◆ **Extracted data**:
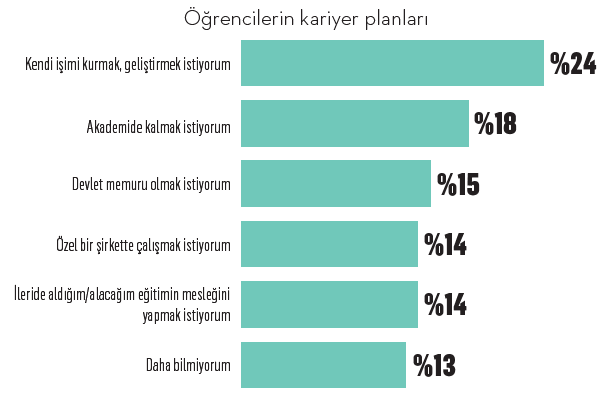 Öğrenci ekonomisi zorda!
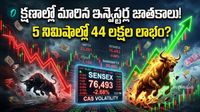 లక్ష పెడితే  5 నిమిషాల్లో రూ. 44 లక్షలు? సెన్సెక్స్‌లో అసలేం జరిగింది?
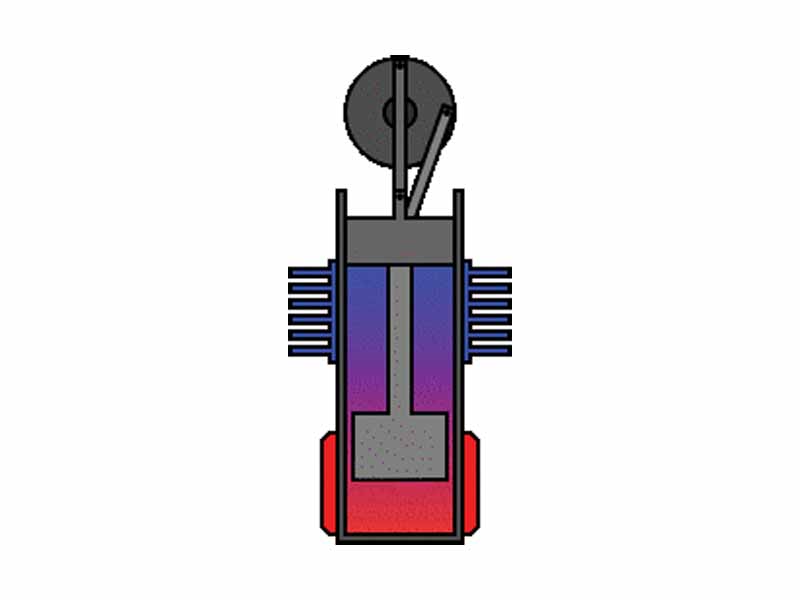 Beta type Stirling. Animated version.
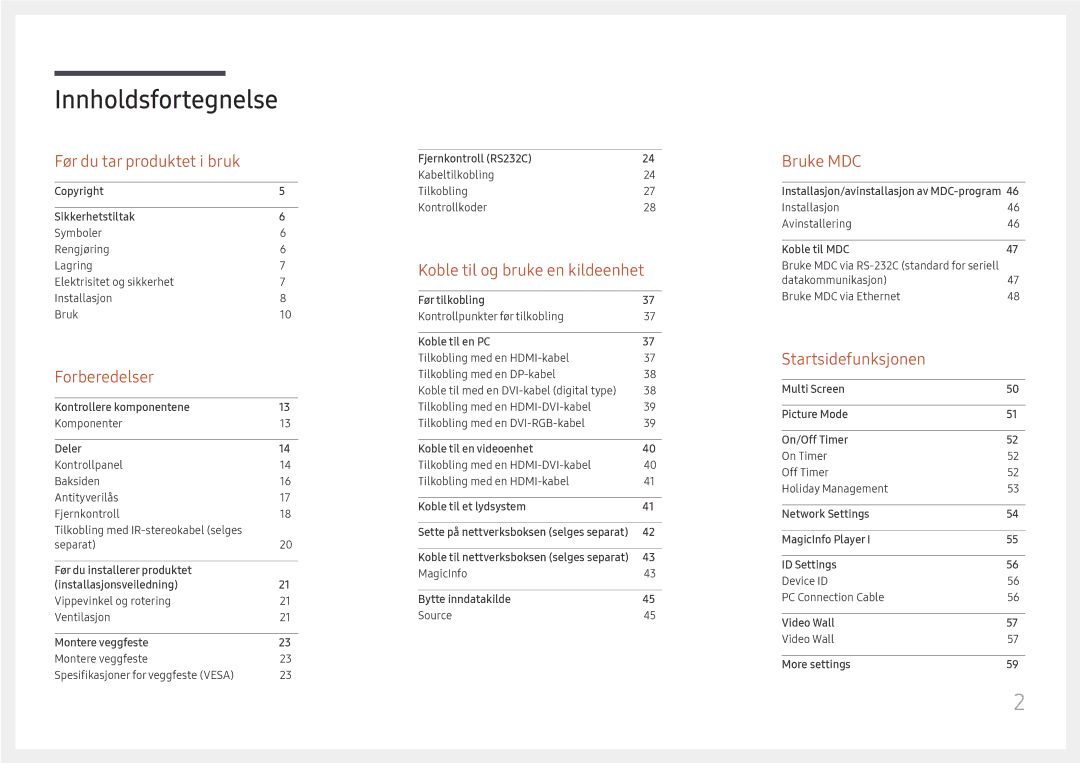 Samsung LH49QMFPLGC/EN, LH65QMFPLGC/EN, LH55QMFPLGC/EN manual Innholdsfortegnelse 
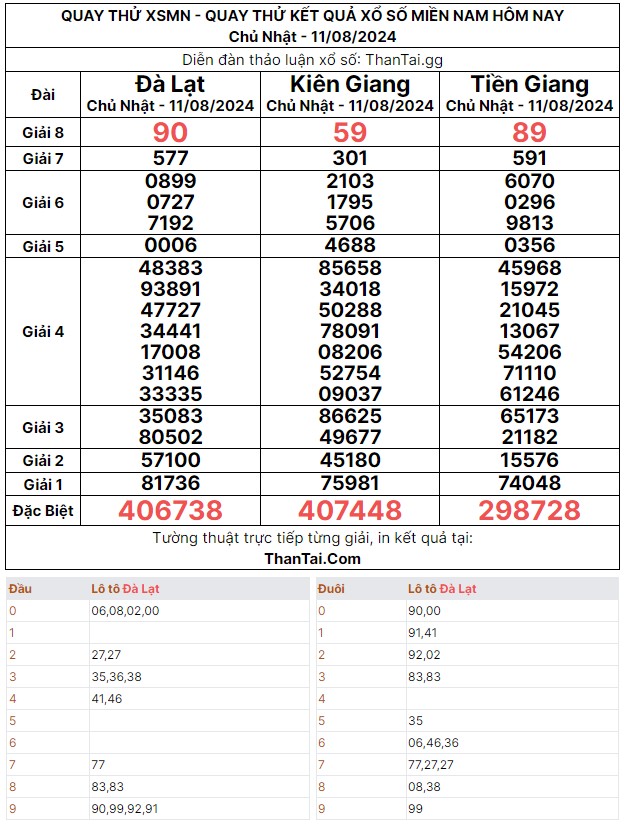 Quay thử dự đoán kết quả số lô bạch thủ XSMN chủ nhật ngày 11/08/2024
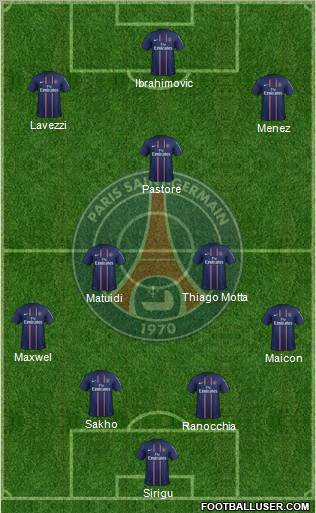 Paris Saint-Germain Formation 2012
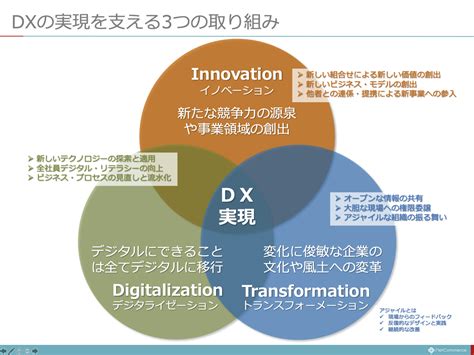 「dx推進室」や「dx本部」に丸投げしてはいないだろうか：dx実現のための3つの取り組み ネットコマース株式会社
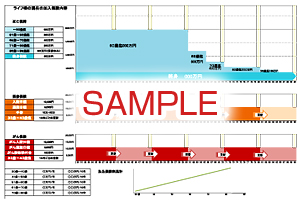 現在加入の保険が「見える」2 SAMPLE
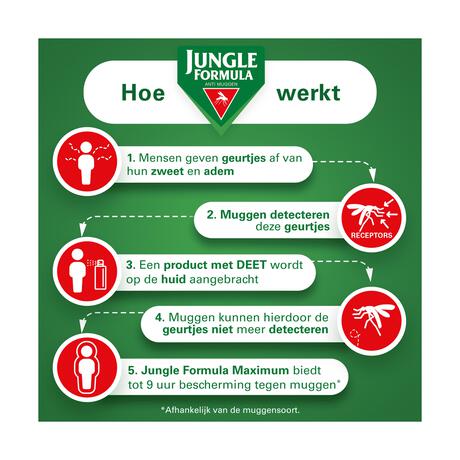 Jungle Formula Anti Muggenspray Maximum 50% DEET 75 ML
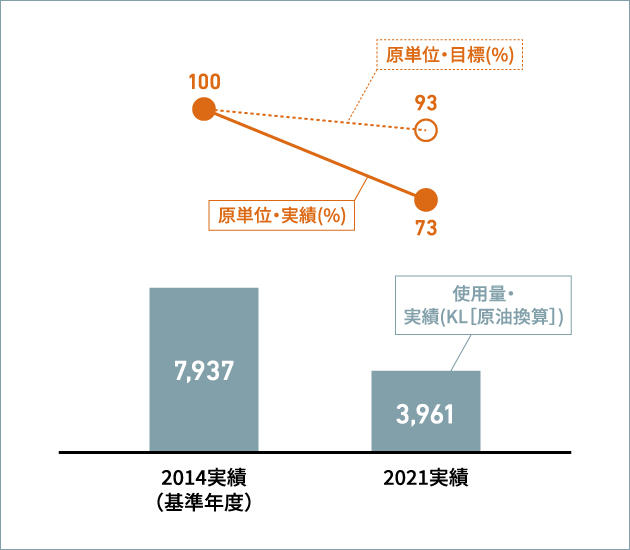 エネルギー使用量原単位と使用量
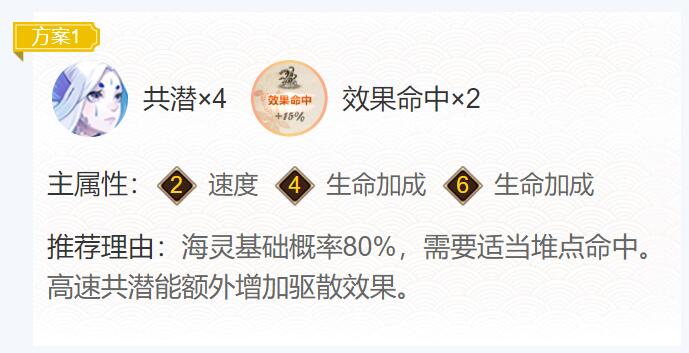 阴阳师灵海蝶御魂搭配2024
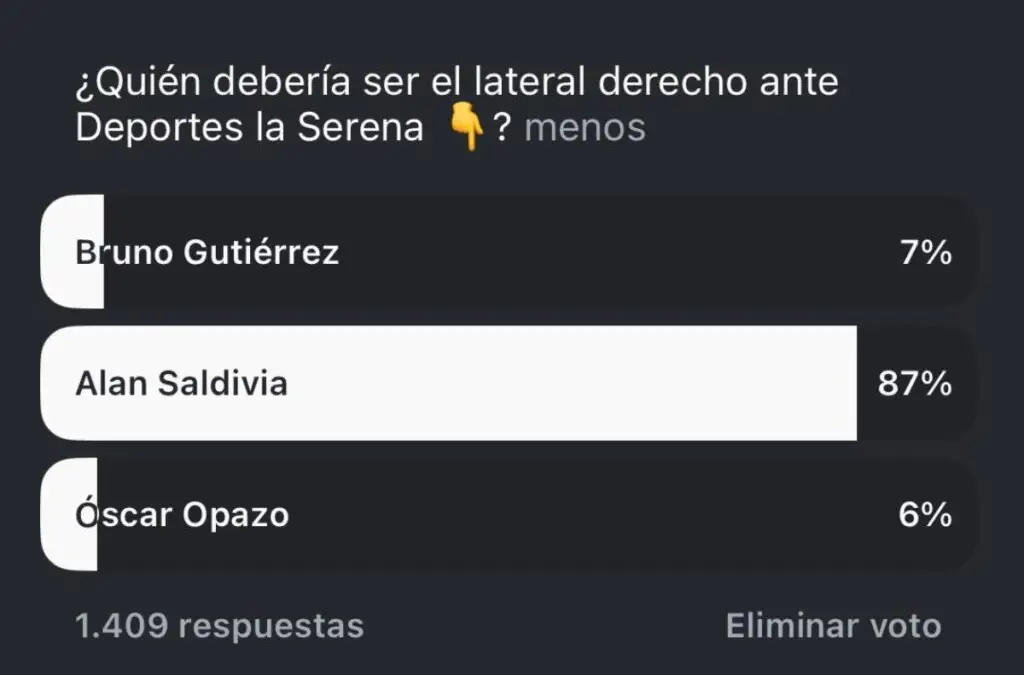 Hinchas eligieron a Alan Saldivia como lateral derecho vs Deportes la Serena.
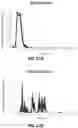 Fig. 28 - Isolation of Different Extracellular Vesicle (EV) Subpopulations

◆ **Your objective**: From the material above, reproduce only what runs from the line holding "Beta type Stirling. Animated version." down to the line holding "Paris Saint-Germain Formation 2012", both included, pictures excluded.

◆ **Answer for this exercise**:
 Beta type Stirling. Animated version.
 Samsung LH49QMFPLGC/EN, LH65QMFPLGC/EN, LH55QMFPLGC/EN manual Innholdsfortegnelse 
 Quay thử dự đoán kết quả số lô bạch thủ XSMN chủ nhật ngày 11/08/2024
 Paris Saint-Germain Formation 2012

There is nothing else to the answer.